"Moana House saved my life. It has opened doors that I never thought I could walk through and created endless opportunities for myself. The mission statement "Giving you a real chance" is exactly what I have been given. If you said to me three years ago "I'd be attending university, working at Moana House and getting married" I would have said your dreaming! Fa'afetai tele lava Claire".
"My time with Moana House has been life changing in every sense. I am no longer a slave to my emotions in learning to take responsibility. I have become reliable and more at peace within myself, the community and my family are safe whenever I am around. "I found the love that I had been searching for"".
"Being a graduate of the programme and having the opportunity to work as an Addictions Clinician, has allowed me to become a living example of what can be achieved for residents in the programme".
“A short time after commencing at Moana House, I was encouraged to develop my Pepeha as part of the programme kaupapa for staff and resident’s alike. Being of Anglo-Saxon and European heritage but from many generations ago (my family have lived in Australia for at least 3 generations), this was the first time I had ever properly researched my ancestry – I wasn’t even sure which countries in Europe my family came from!
Doing this research involved internet searches as well as talking to my parents and grandparents, and I thoroughly enjoyed this process in and of itself. Being able to then recite my Pepeha at each Mihiwhakatau both in and out of the Whare, I began to understand on more than an intellectual level the importance of my whakapapa (ancestry) in relation to my overall sense of identity. I say ‘intellectual level’ because being a social worker, and passionate about indigenous health and wellbeing, I was aware of the importance of ones sense of cultural identity in their overall of wellness and connectedness, however not having much of an idea about my own cultural background meant that I couldn’t fully relate to this on a personal level.

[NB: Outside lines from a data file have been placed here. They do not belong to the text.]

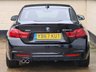 USED 2018 67 BMW 4 SERIES 3.0 435D XDRIVE M SPORT 2d 309 BHP PX WELCOME -FINANCE AVAILABLE- ULEZ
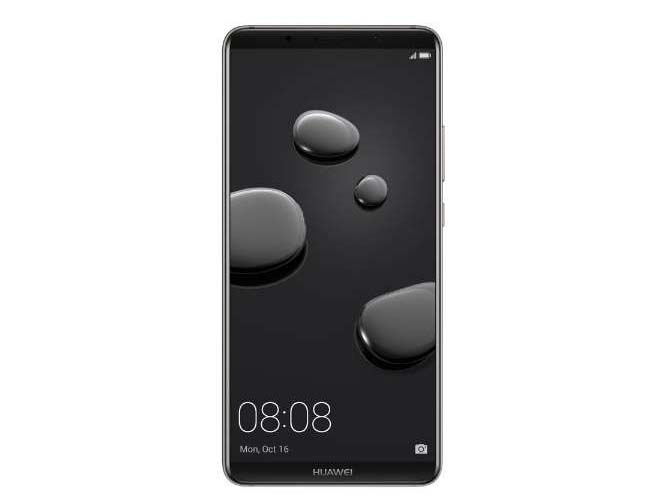 Mate 10 Pro
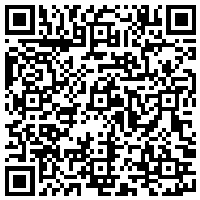 QR Code for bitcoin:bitcoin:bitcoin:bitcoin:bitcoin:bitcoin:bitcoin:bitcoin:bitcoin:dash:XwMAhdrVmDjbX4jGsuy4gnieKAhoLiDd72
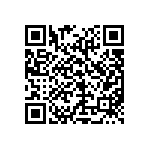 SPMWH12224D5W8TKSA QRCode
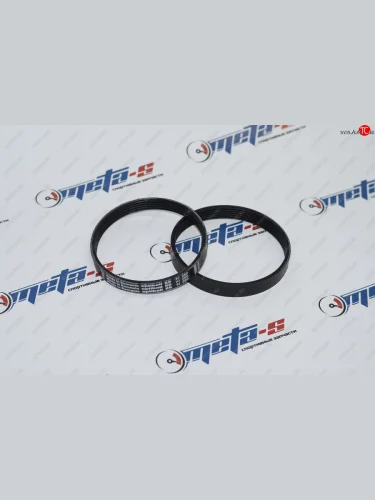 Ремень приводной для компрессора ПК23 Optibelt pj280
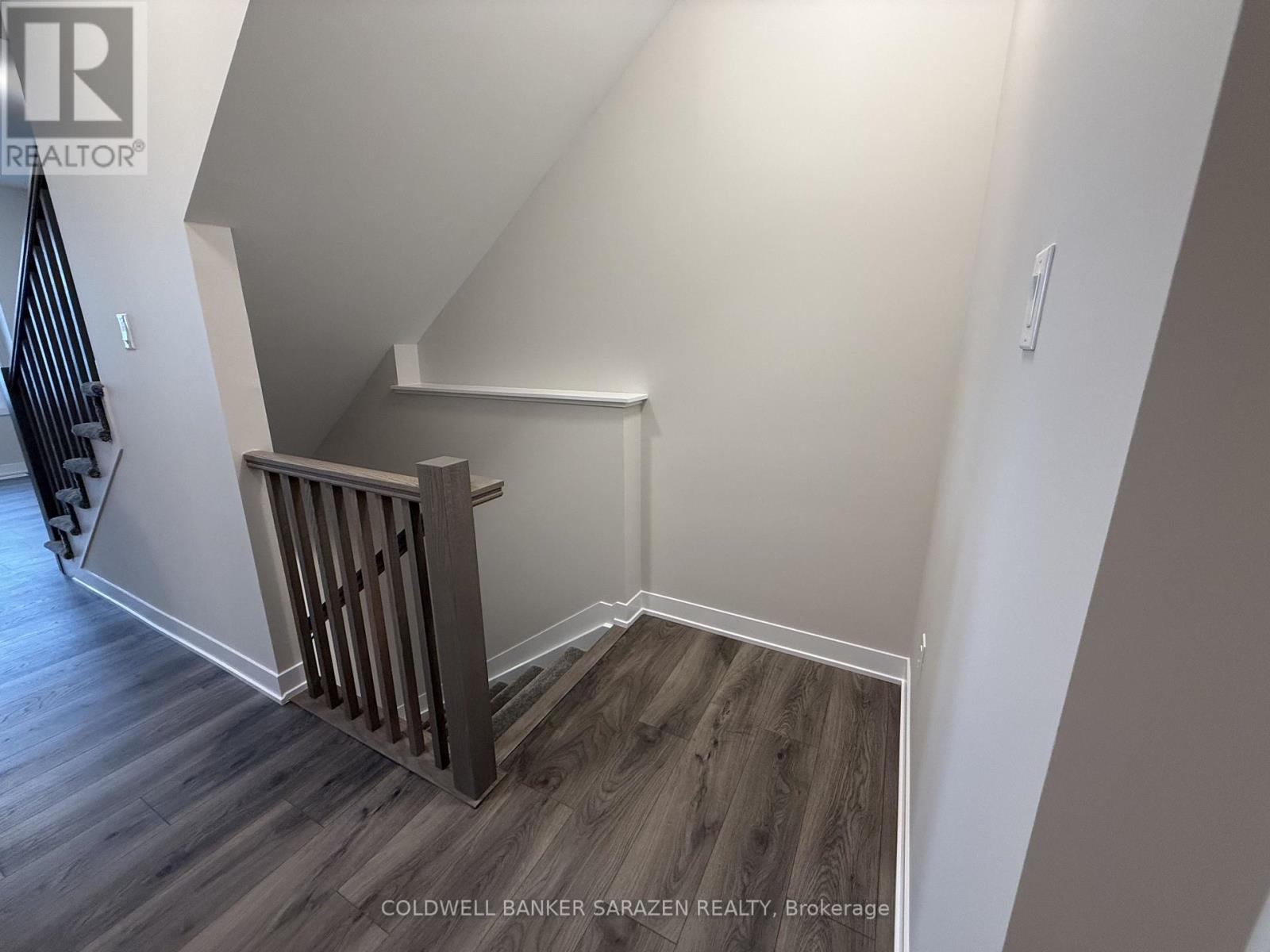 3 Bed, 3 Bath House for Rent in Ottawa – 749 HAFLINGER ROW, Ottawa – MLS# X13630192 - Image 22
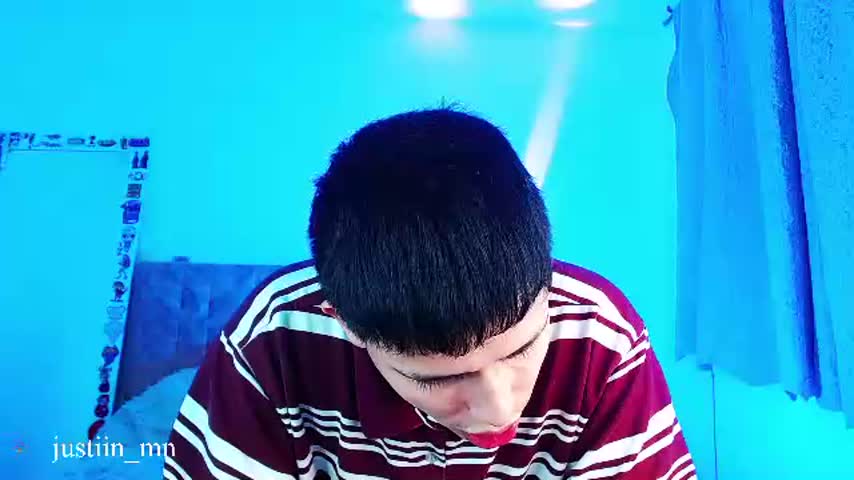 _justinmoon2 ✔ live sex cam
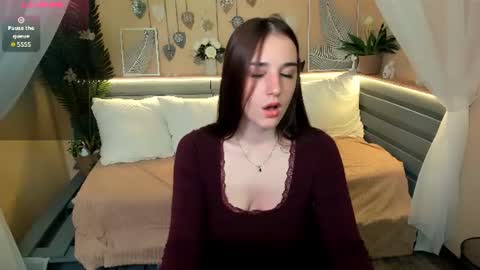 Snapshot of maya_winters chatting on July 17, 2026, 10:11 am maya_winters online show from July 17, 2026, 10:11 am
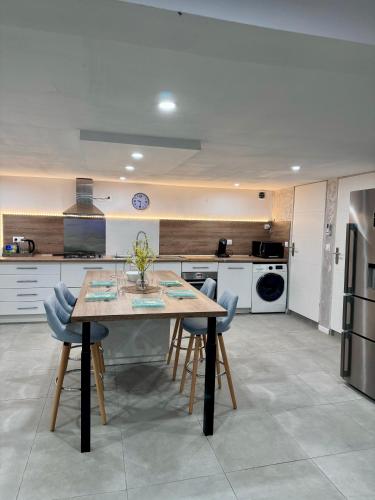 Appartement moderne in Fayl-Billot
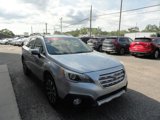 Used 2016 Subaru Outback 2.5i Limited image 3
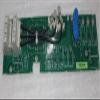 Davitu Motor Controller - RVAR 5411 used in good condition view 1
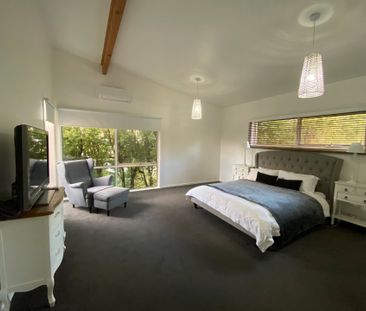 6 Hume Street, Mount Martha - Photo 4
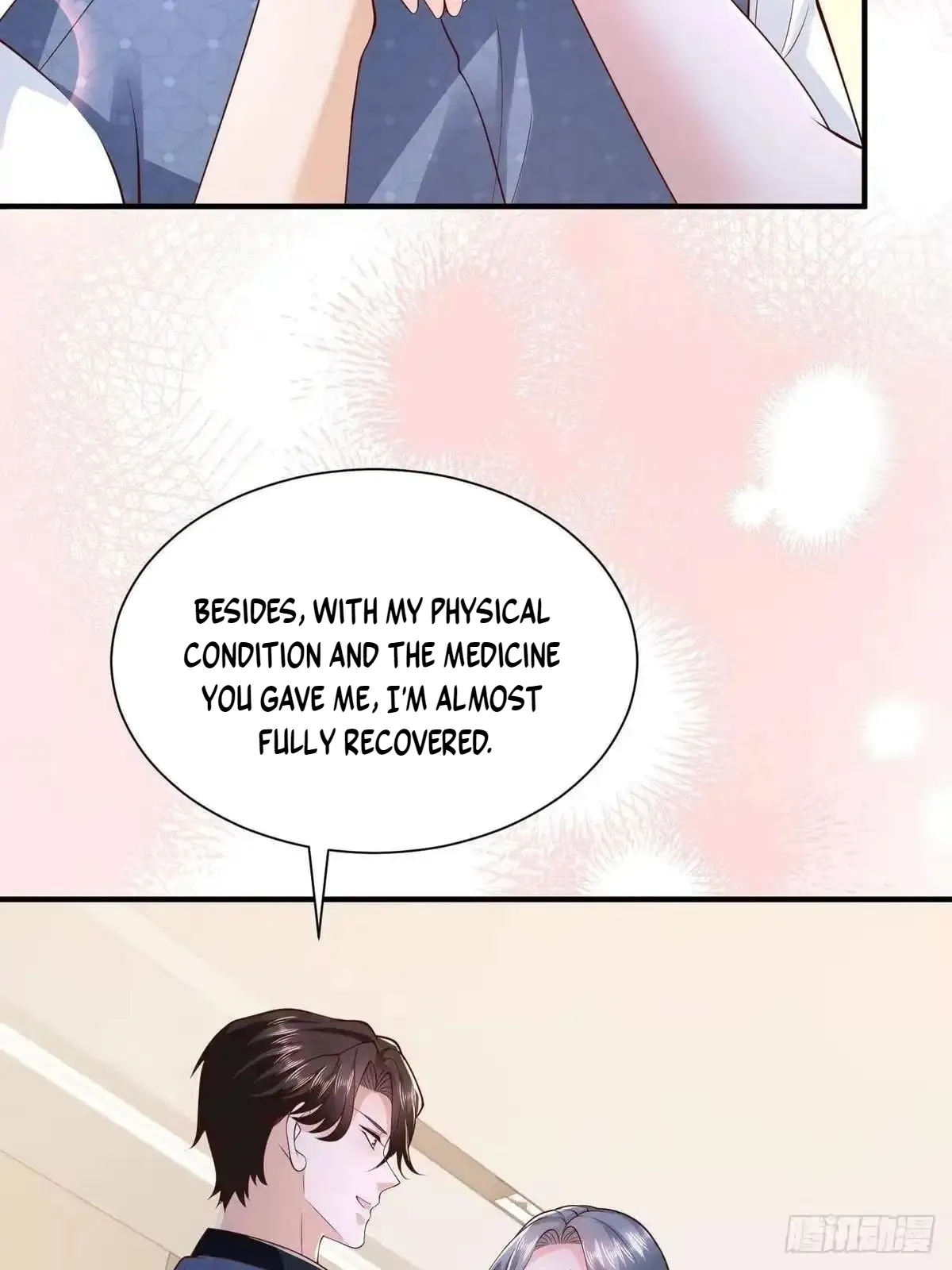 I Randomly Have A New Career Every Week Chapter 943 page 29 - 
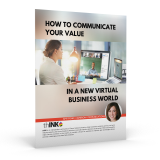 How to Communicate Your Value whitepaper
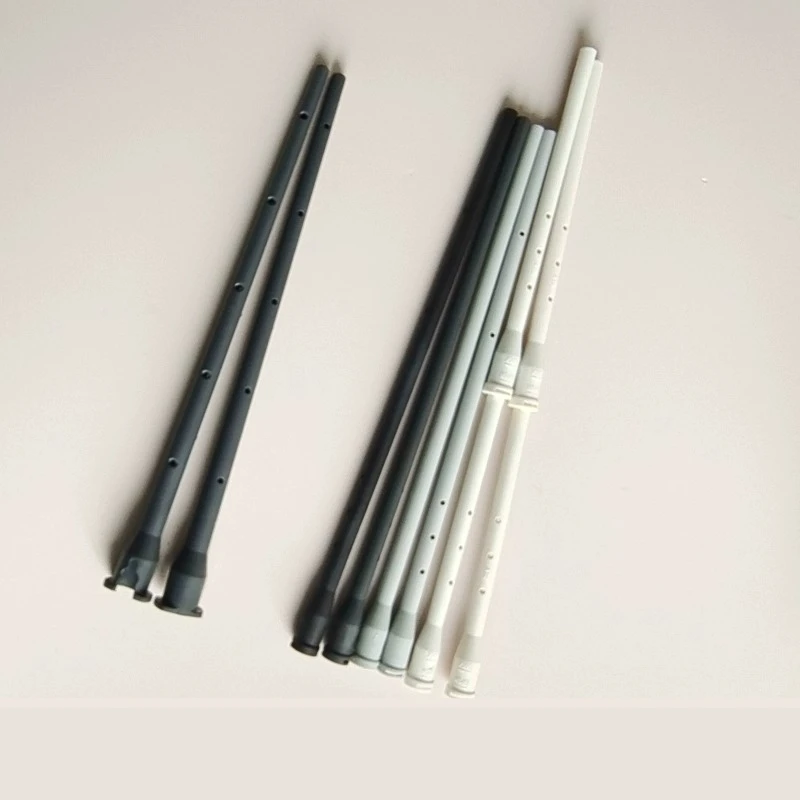 

Hysteroscopy Protective Cover, Arthroscopic Sinus Endoscope Pediatric Laparoscopic, Compatible with Storz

Development of my initial Pepeha, and adding to it over time, has allowed me to strengthen this for myself also. Recently, I travelled back to Australia for a holiday, and spent a lot of time in the bush. After reveling in how much I missed the sight of gum trees, wattles, grass trees, the sounds of birds like galahs, cockatoos, kookaburras and magpies, and the general smells of the native bushland I had grown up around, it suddenly struck me that although I had never officially captured my ancestry through writing it down or reciting it, that I did in fact hold a very strong connection to the land around me in my sense of who I am and what grounds me. Those of us in the field are already well aware of the importance of building on the cultural identity of those we work with for their recovery , however this has been a really valuable part of my own journey as Kaimahi at the Whare too.”